Hacker News new | ask | show | jobs
by jkukul 1112 days ago
For most applications, packaging all the data and submitting it to OpenAI won't be feasible due to the limited token window size.

I think the most common design pattern nowadays goes like this:

1. Chunk all your data (e.g. per paragraph of content)

2. Generate an embedding for each chunk

3. Index embeddings in a vector database

4. When a query comes in, find chunks relevant to the query (based on embeddings similarity) and ONLY send the relevant chunks + query to a LLM to formulate the answer

Quickly glancing through the repository from this post, I can see that it also follows this pattern. It uses OpenAI's embedding API for 2. and Pinecone DB for 3.

2 comments

I've seen this described as the common approach and argued for it but with my limited knowledge I have difficulties countering the argument that it would be best to just finetune the model with your own data.

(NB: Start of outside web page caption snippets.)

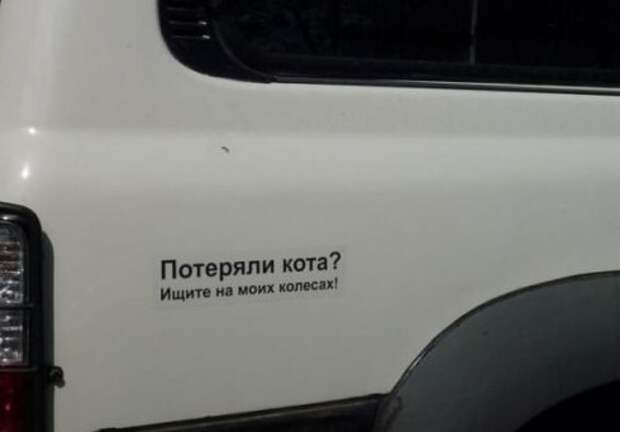 24. Кота у меня нет, но не по себе как-то стало автоприколы, креативщики, надписи на авто, фото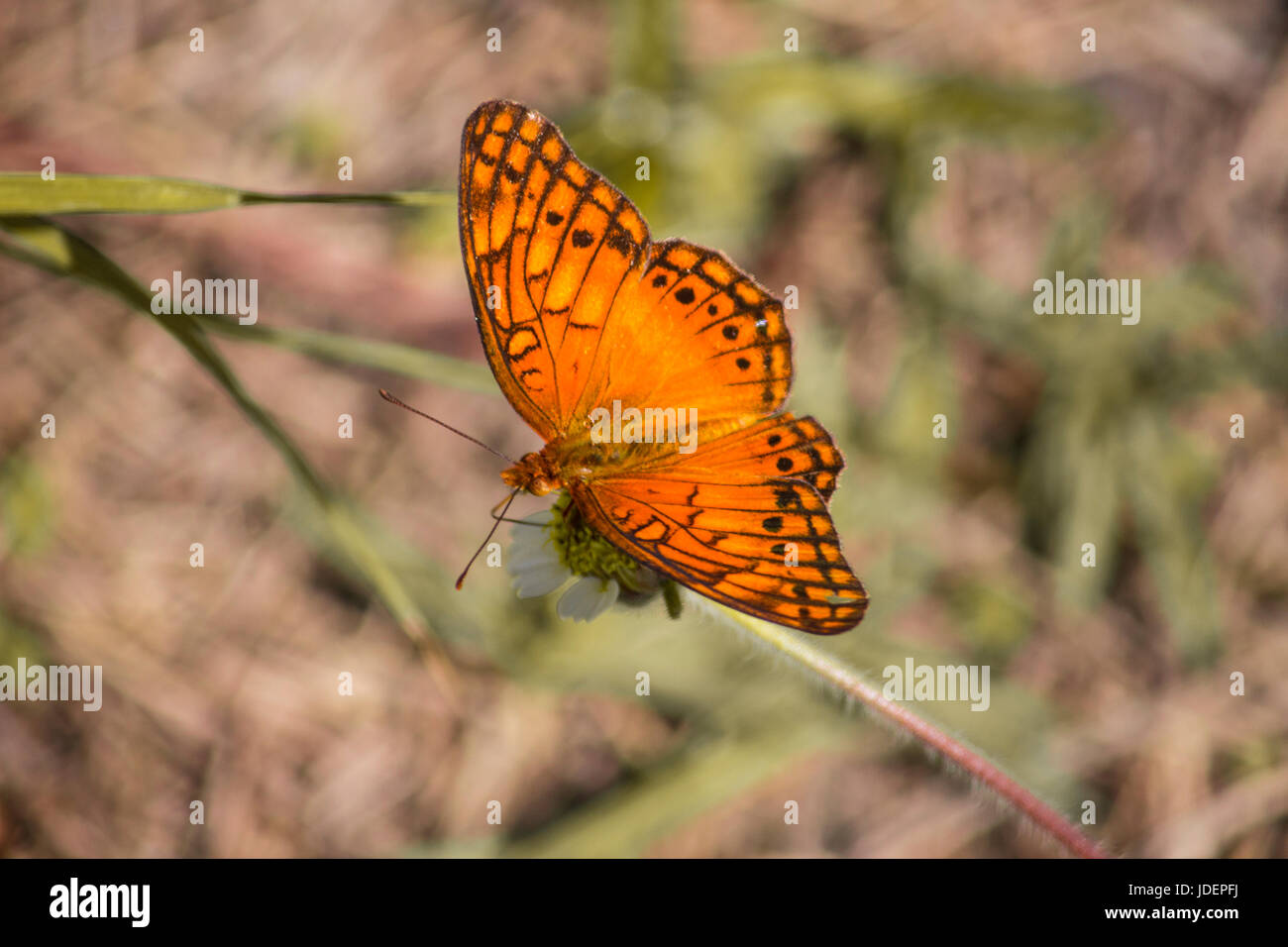 Farfalla arancione Foto Stock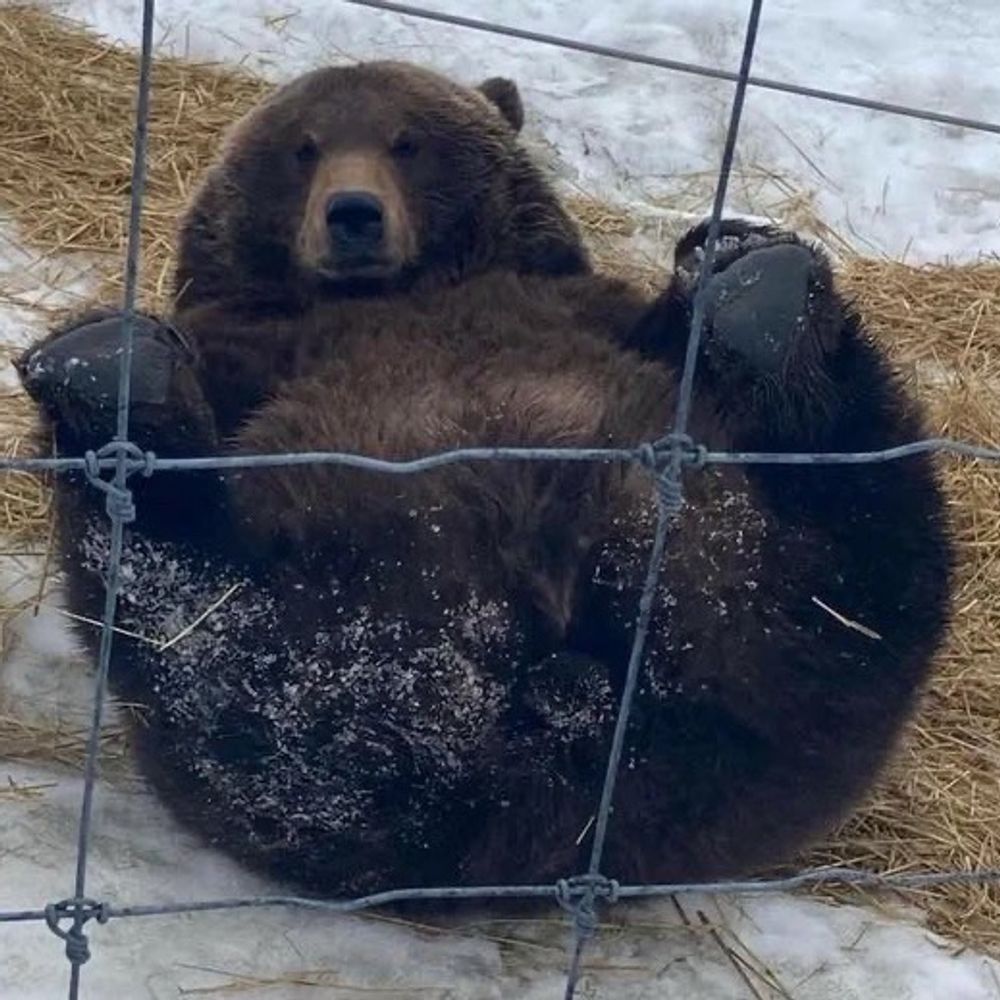 Monchi 🐻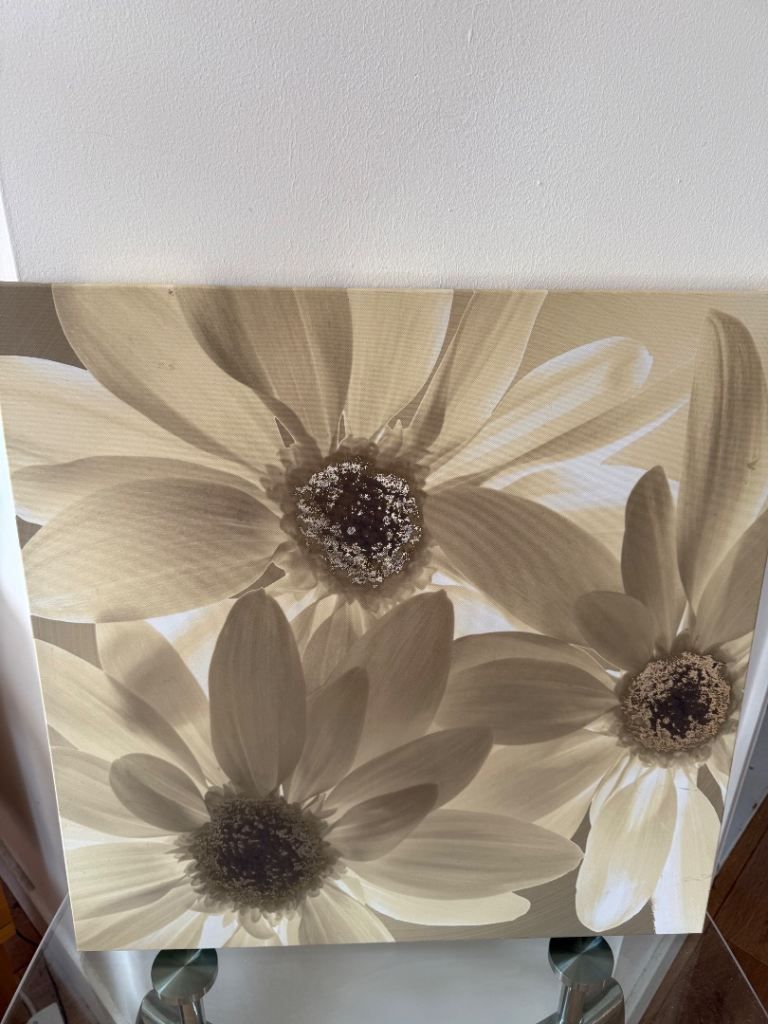 Wall Hanging Picture 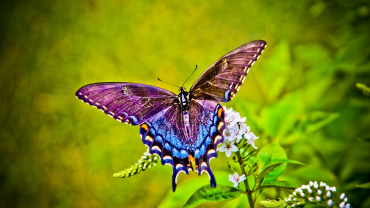 Foto papallona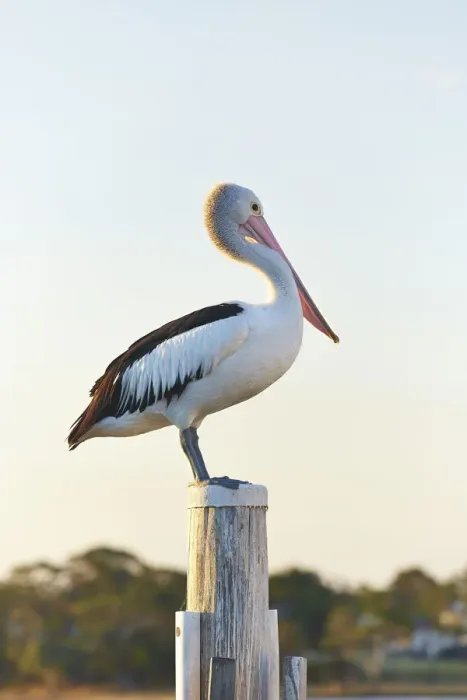 Framed Print : Pelican Framed Print : Pelican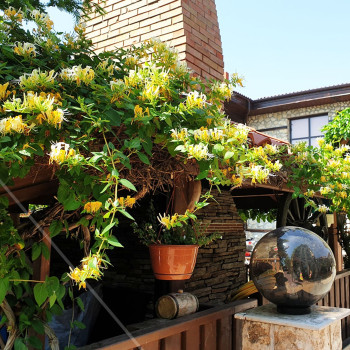 Wiciokrzew japoński sklep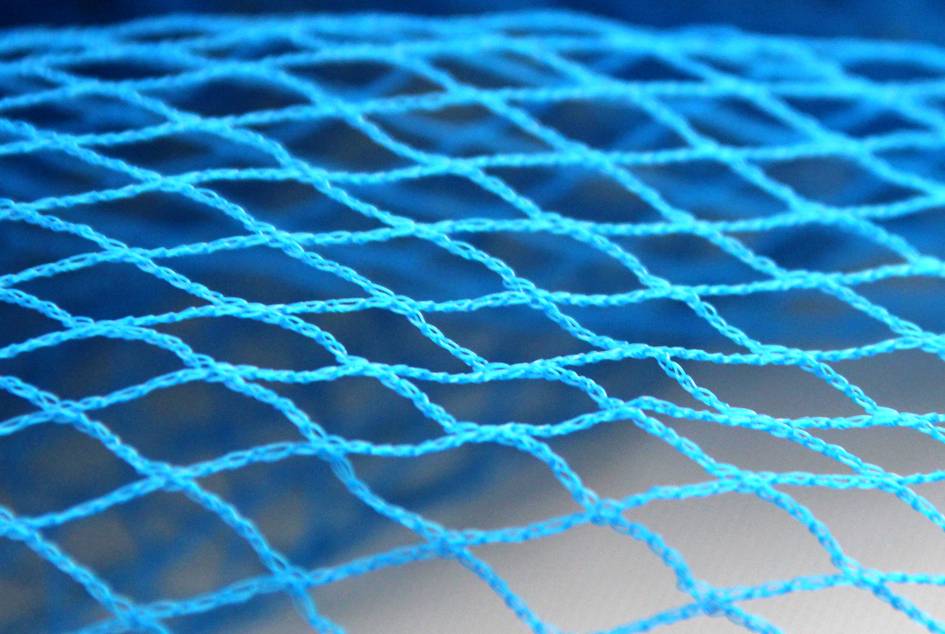 Blue bird-proof net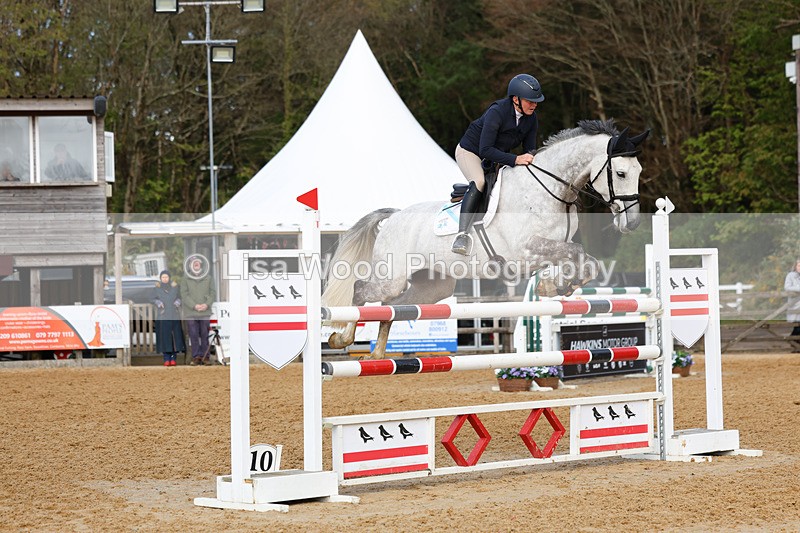 3E7A2280 - Class 8: Senior Foxhunter/1.20 open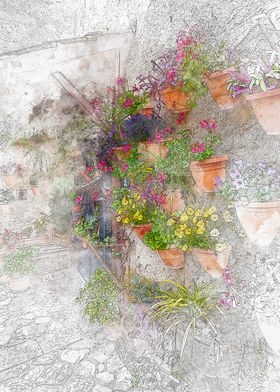 Flower Pots on a Wall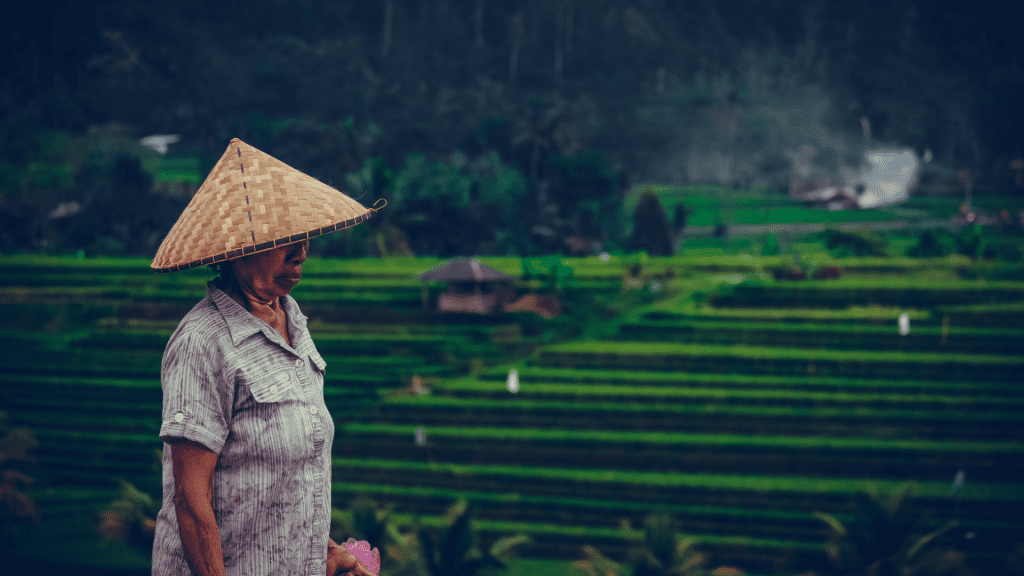 Bhumitara Foundation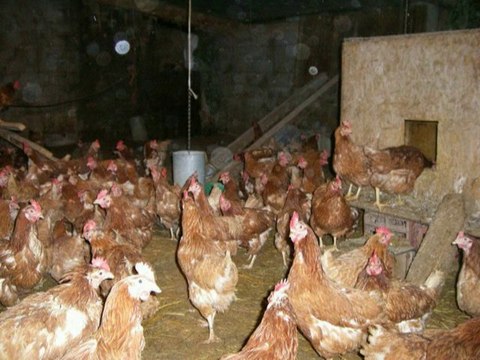 L'exploitation animale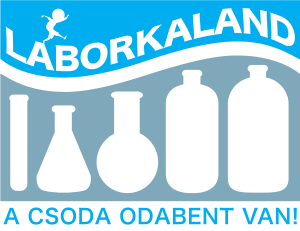 logo grey blue with text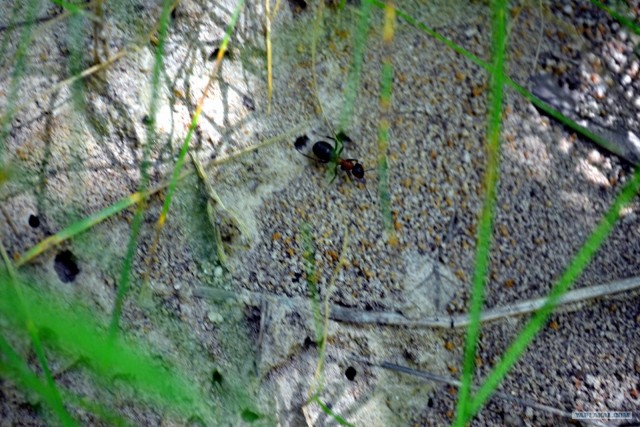 Отдых по-русски.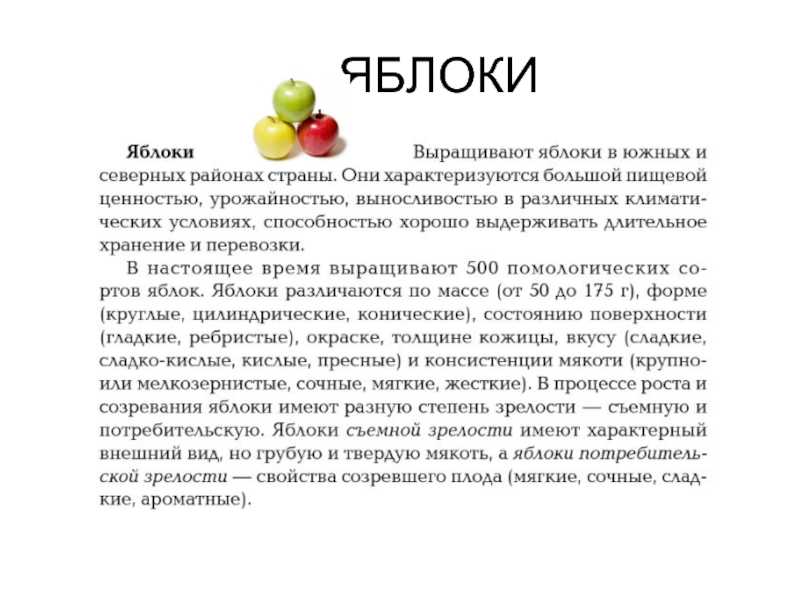 11 низкорослых яблонь - сорта на карликовом подвое для средней полосы, высота и плодоношение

I don't think it is as much the context window size because you would chunk your data anyways. I think the counter argument is either that finetuning is limited by the risk of overfitting and catastrophic forgetting or cost prohibitive. I think it is more of the former. Am I on the right track with this arguments?

Another point to consider is probably the vector DB contains an exact version of your data you get that as a result whereas the model will only be able answer vaguely or by paraphrasing.

In contrast, What’s the flow for training or fine tuning your own model
Once I dug in to the fine-tuning APIs [1] I realized that the phrase "training the model on your docs" often doesn't make sense for the use case people are trying to solve. You provide hundreds of input examples and tell the model how it should complete those prompts. Fine-tuning has a lot of use cases, but "keeping the LLM generally grounded in the facts of my website" is not one of them.

[1] https://platform.openai.com/docs/guides/fine-tuning/prepare-...

Fine-tuning has a lot of use cases, but "keeping the LLM generally grounded in the facts of my website" is not one of them.

Yes, that's what everyone says and it makes total sense to me. I'm looking for (technical, but not too technical) arguments why it is not possible. There I'm not so much interested in the "grounded in the facts of my website" point but more in the similar "take the data from my large private knowledge base into consideration" point.

In other words I don't want to restrict the knowledge the model has or the answers it gives. I want to add a considerable amount of my own knowledge. This seems not to be possible without training from scratch. The question is "Why?"

Thank you for this.
If you are interested in this approach, I found there are good examples using LangChain, so it's a good keyword to search for.